Aim of the task
Copy task. Retype the whole listing exactly, omitting any picture in it.

The data
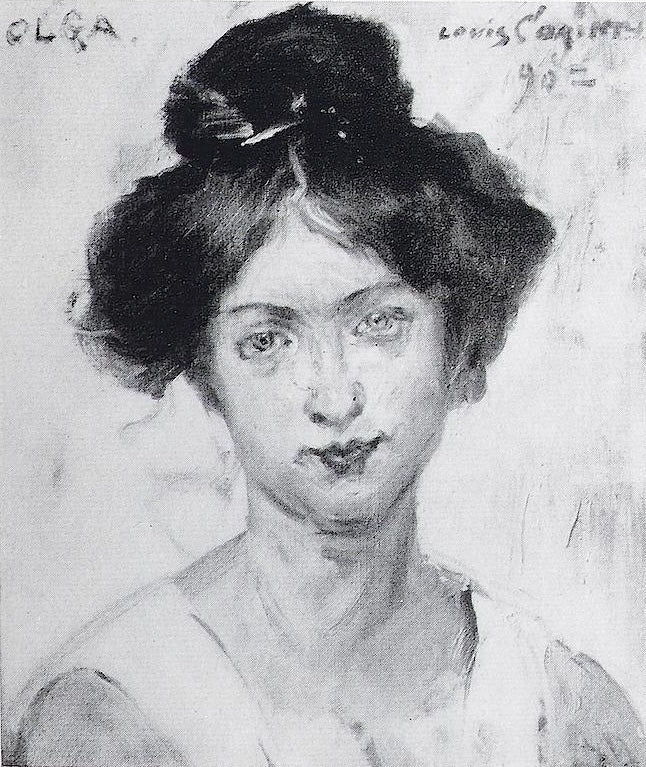 Q133850638 - Lovis Corinth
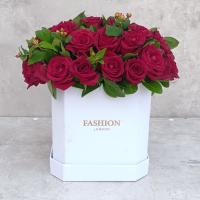 باکس گل لاویتا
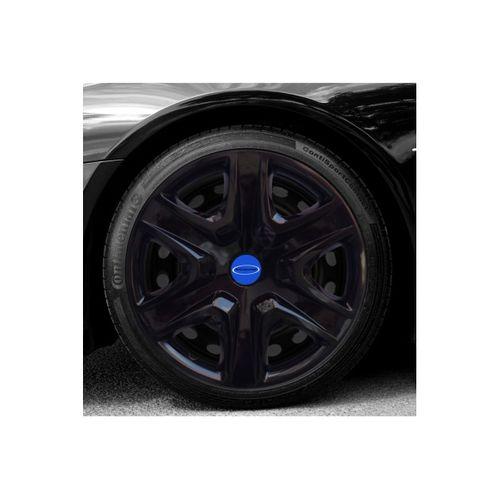 Ford Transit 14'' Inç Uyumlu Jant Kapağı 4 Adet 1 Takım 1005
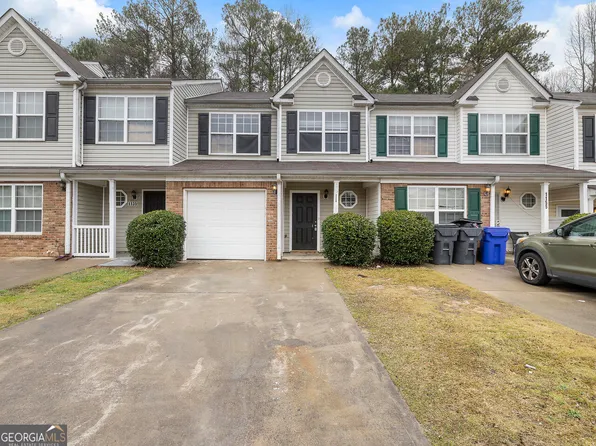 1145 Maple Valley Ct, Union City, GA 30291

Response to this task
 Q133850638 - Lovis Corinth
 باکس گل لاویتا
 Ford Transit 14'' Inç Uyumlu Jant Kapağı 4 Adet 1 Takım 1005
 1145 Maple Valley Ct, Union City, GA 30291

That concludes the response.